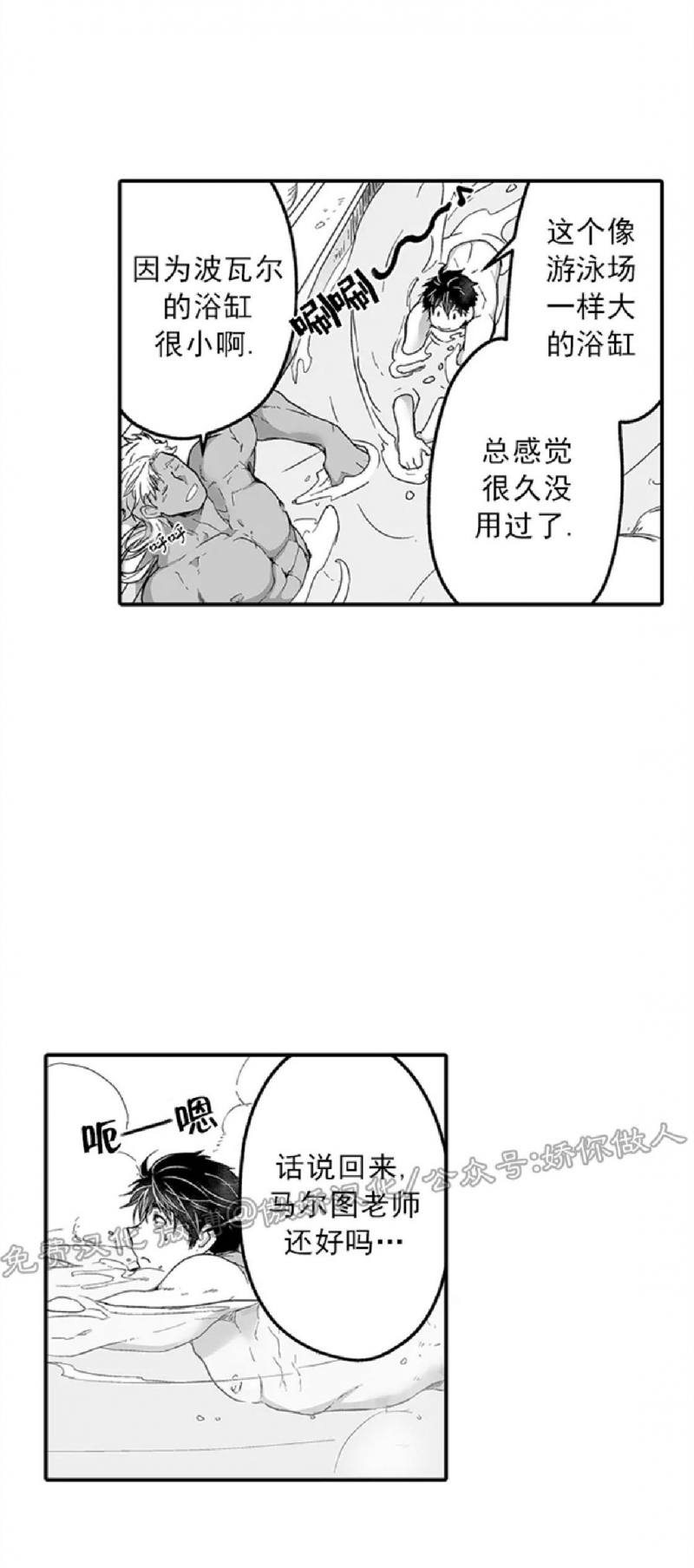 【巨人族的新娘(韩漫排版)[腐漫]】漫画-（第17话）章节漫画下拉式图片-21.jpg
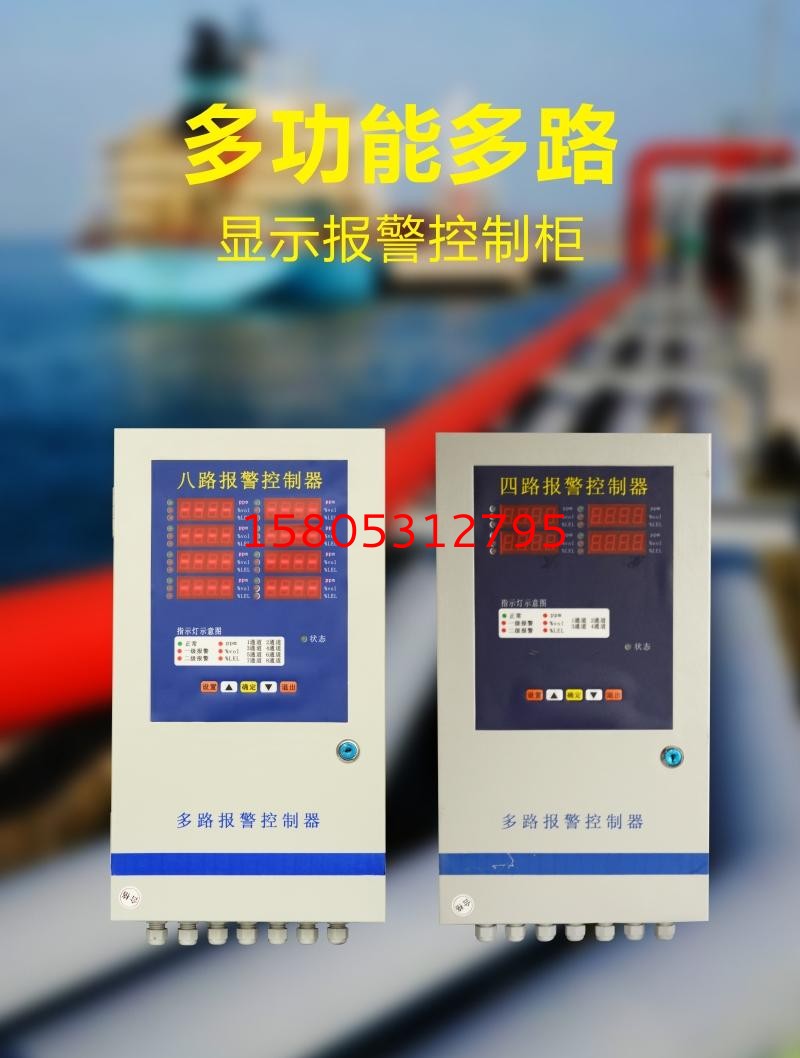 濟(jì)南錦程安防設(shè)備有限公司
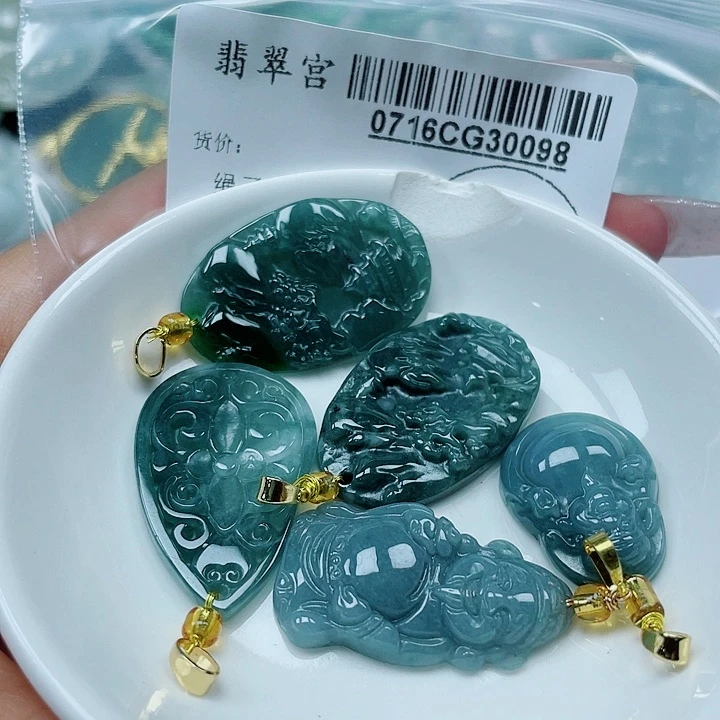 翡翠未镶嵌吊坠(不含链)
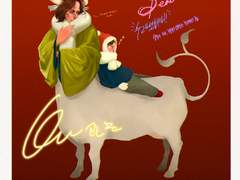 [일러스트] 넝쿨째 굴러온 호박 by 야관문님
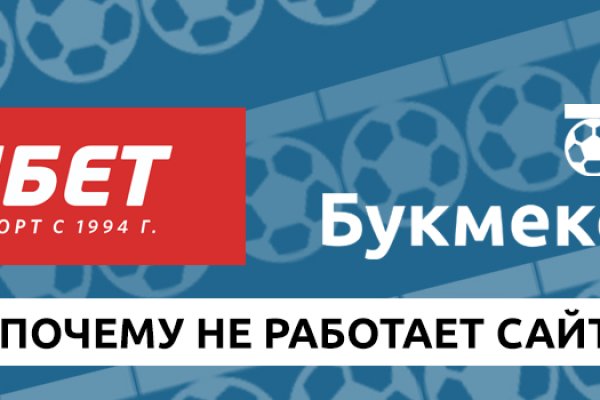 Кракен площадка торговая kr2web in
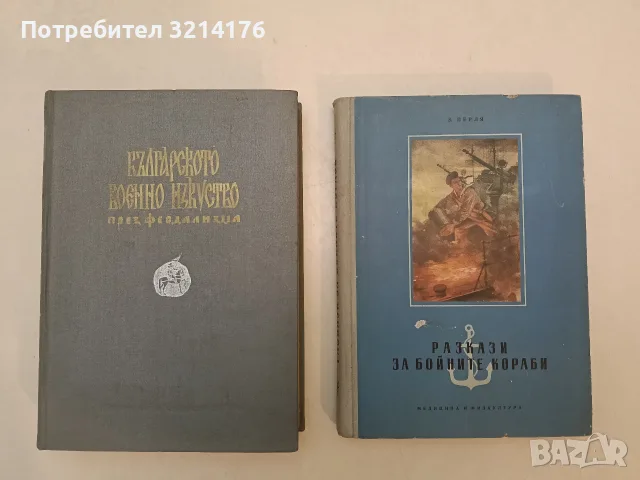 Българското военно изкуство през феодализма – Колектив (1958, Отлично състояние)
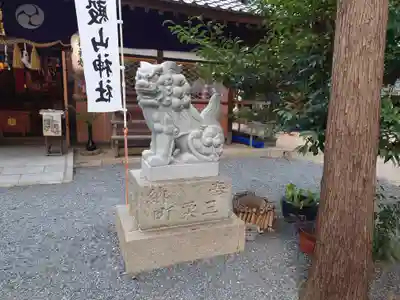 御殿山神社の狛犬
==
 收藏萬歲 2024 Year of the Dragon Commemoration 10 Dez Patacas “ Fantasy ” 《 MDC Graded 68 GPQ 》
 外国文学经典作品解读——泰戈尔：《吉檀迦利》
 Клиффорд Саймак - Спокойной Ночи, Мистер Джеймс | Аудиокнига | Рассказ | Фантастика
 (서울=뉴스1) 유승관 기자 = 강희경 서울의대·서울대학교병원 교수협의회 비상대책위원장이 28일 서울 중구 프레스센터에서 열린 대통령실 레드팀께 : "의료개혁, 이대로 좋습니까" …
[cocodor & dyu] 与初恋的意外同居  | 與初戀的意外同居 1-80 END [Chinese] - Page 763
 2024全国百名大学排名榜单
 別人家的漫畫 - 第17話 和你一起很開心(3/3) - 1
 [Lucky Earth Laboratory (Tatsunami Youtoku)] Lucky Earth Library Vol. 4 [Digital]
...
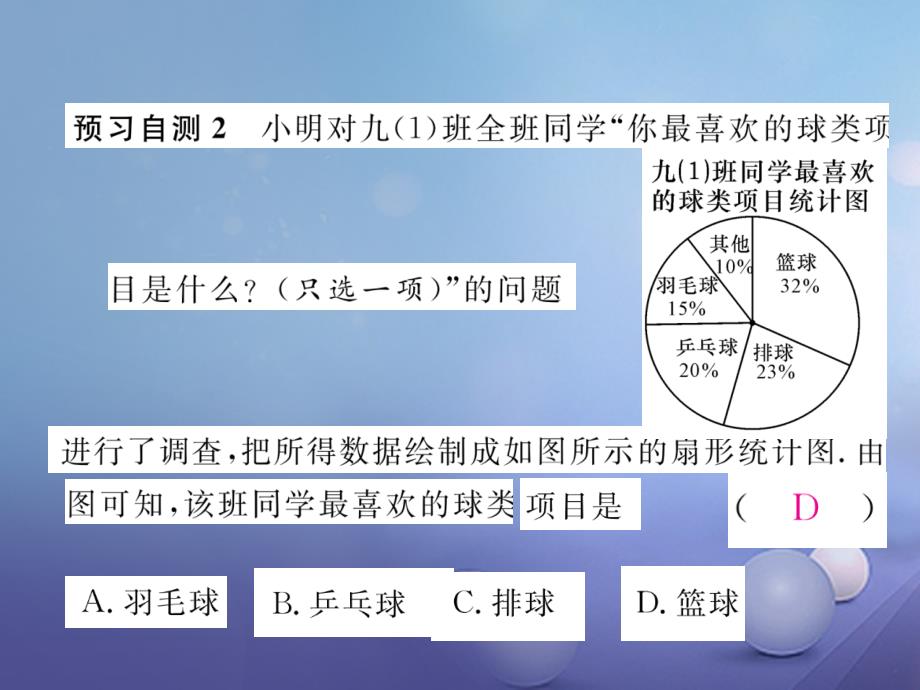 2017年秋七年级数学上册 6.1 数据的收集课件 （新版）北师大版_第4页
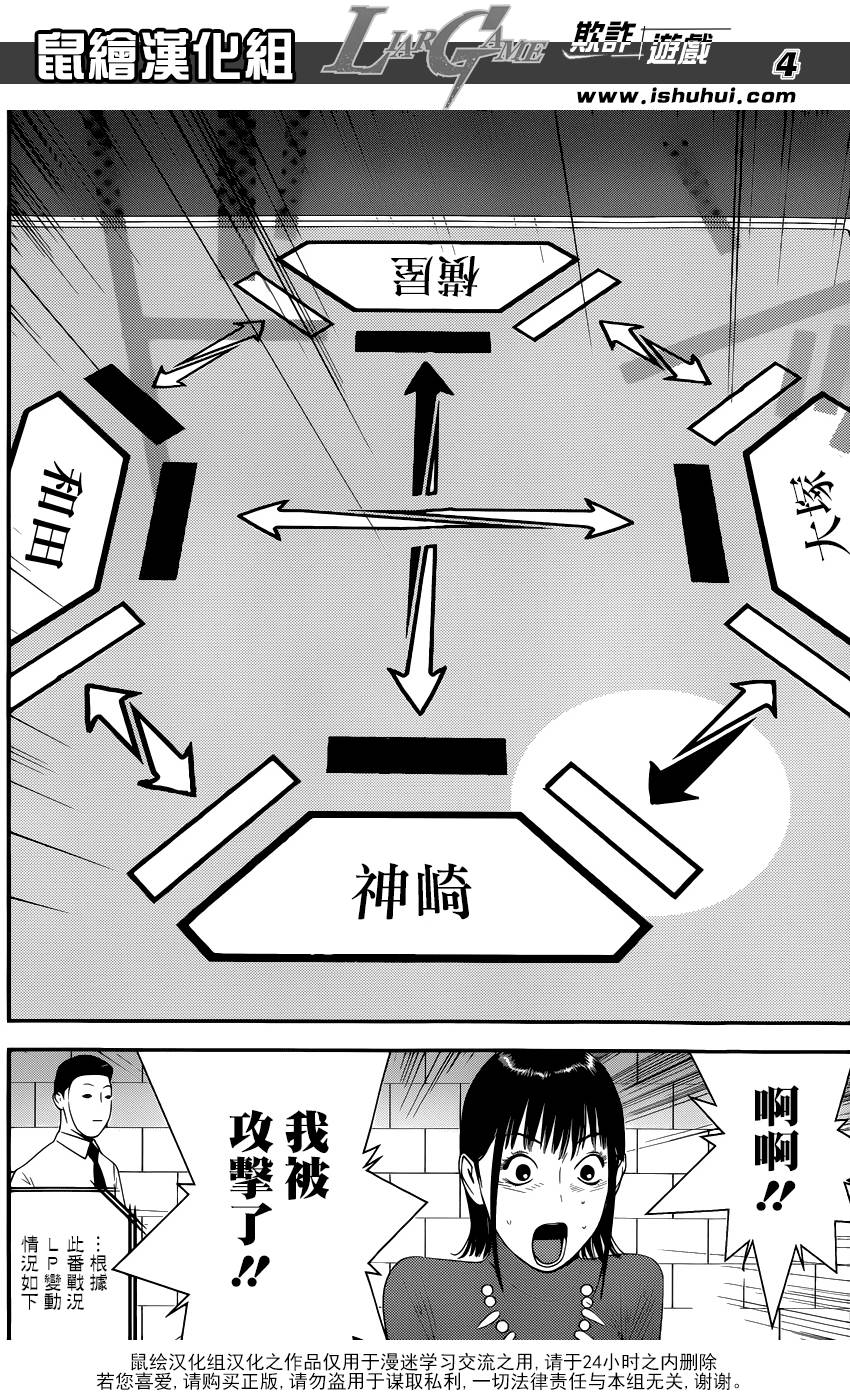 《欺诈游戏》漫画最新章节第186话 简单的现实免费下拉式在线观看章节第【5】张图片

• **EXERCISE AIM**
Looking at the data above, return every line from the one with "[cocodor & dyu]" down to the one with "[Lucky Earth Laboratory", exactly and inclusively.

• **SOLUTION FOR THIS PROBLEM**
[cocodor & dyu] 与初恋的意外同居  | 與初戀的意外同居 1-80 END [Chinese] - Page 763
 2024全国百名大学排名榜单
 別人家的漫畫 - 第17話 和你一起很開心(3/3) - 1
 [Lucky Earth Laboratory (Tatsunami Youtoku)] Lucky Earth Library Vol. 4 [Digital]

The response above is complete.